ARS (São Paulo) vol.3 no.5 São Paulo  2005

http://dx.doi.org/10.1590/S1678-53202005000100002 

Formação do artista no Brasil*

 

 

José Resende

São Paulo, 1945, é escultor. Cursou arquitetura e, entre 1976 e 1986, foi professor na Faculdade de Arquitetura e Urbanismo da PUC de Campinas. Um dos fundadores do Grupo Rex (1966) e da Escola Brasil (1970), realizou diversas mostras no Brasil e no Exterior. Tem obras instaladas em locais públicos em várias cidades brasileiras e está representado em acervos de importantes museus nacionais e estrangeiros

 

 

 

 

 

A arte é sobretudo um modo de conhecimento. Como tal, seu relacionamento com o mercado é sempre difícil, truncado. O interesse do artista é aprofundar um processo de investigação intelectual. O do mercado é um objeto vendável. A proposta de integrar a arte na Universidade envolve, é claro, problemas de difícil solução. Mas pelo menos coloca o trabalho de arte na perspectiva correta e coloca os artistas numa situação mais produtiva: próximos dos seus companheiros que lidam com o conhecimento e sua divulgação.

A formação do artista contemporâneo deve ser definida a partir de um conceito preciso de seu papel na sociedade. Tal conceituação implica discutir o espaço ocupado, hoje, pela arte no corpo da cultura e, mais, implica verificar a relação, decorrente, entre o processo formativo do artista e sua real possibilidade de atuação.

O lugar da arte, como está preconizado pelo sistema, tem sido circunscrito recentemente pelo mercado, mantido e apoiado pelas elites sociais e econômicas do país, em busca de um bem que lhes confira status; comportamento tradicional, aliás, apesar da novidade deste mercado. Arte tem sido referida, ainda, pelo velho paternalismo do poder público, que encampa e institui prestígio ao subsidiar manifestações e valores artísticos. De outro lado, sua atuação tem sido delimitada à margem do corpo da cultura, pelas próprias "elites" culturais - extensão, freqüentemente rala, das mesmas elites socioeconômicas -, que conferem à manifestação artística um hermetismo e uma forma de conhecimento quase diletante pela sua inoperância no processo social.
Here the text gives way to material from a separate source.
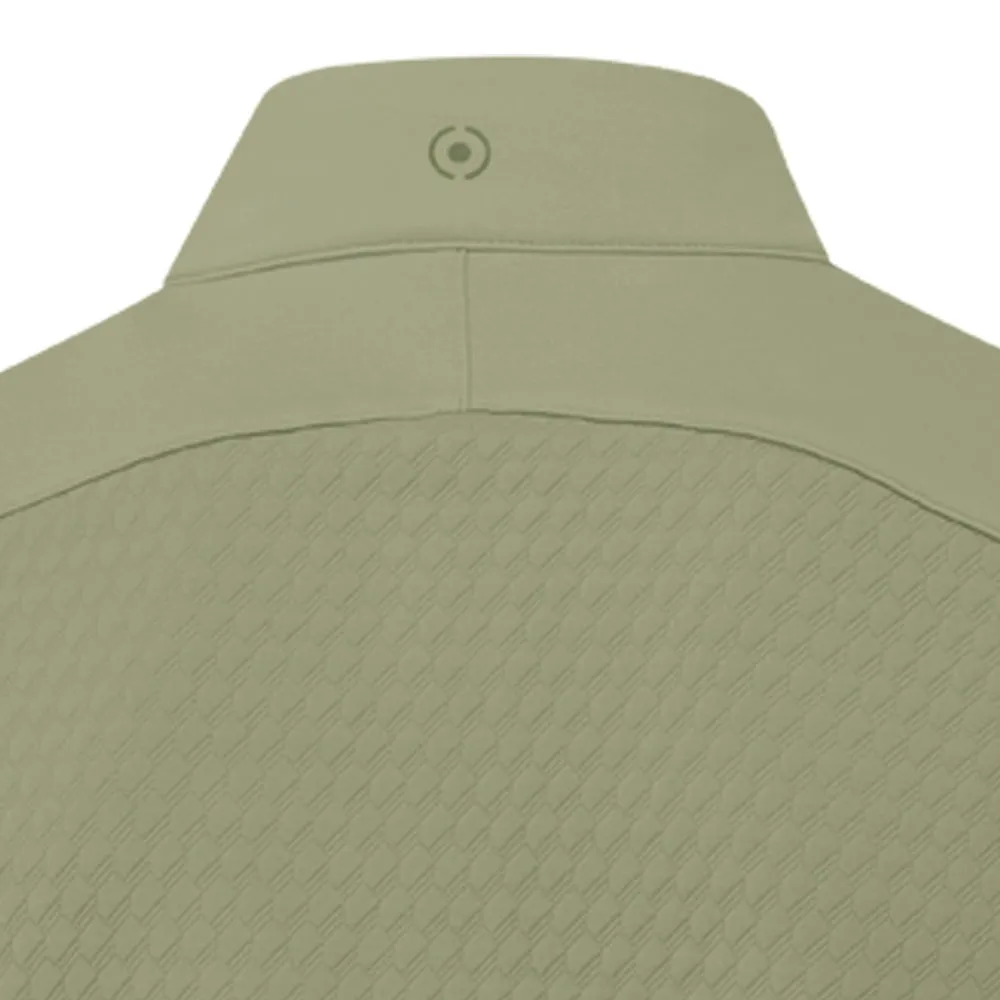 Ping Nolan 1/4 Zip Pullover - Lichen Black Friday Offer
Na verdade, tanto a "Semana de 22" quanto as Bienais que lhe sucederam 30 anos depois, referências importantes para a arte brasileira, representam o comportamento cultural de uma mesma elite oligárquica que, embora modificando padrões e introduzindo novas referências artísticas àquele momento, detém, ainda hoje, a visão ociosa da cultura que confere à arte o seu requinte e status superior e que pretende nacionais os critérios de sua escolha1.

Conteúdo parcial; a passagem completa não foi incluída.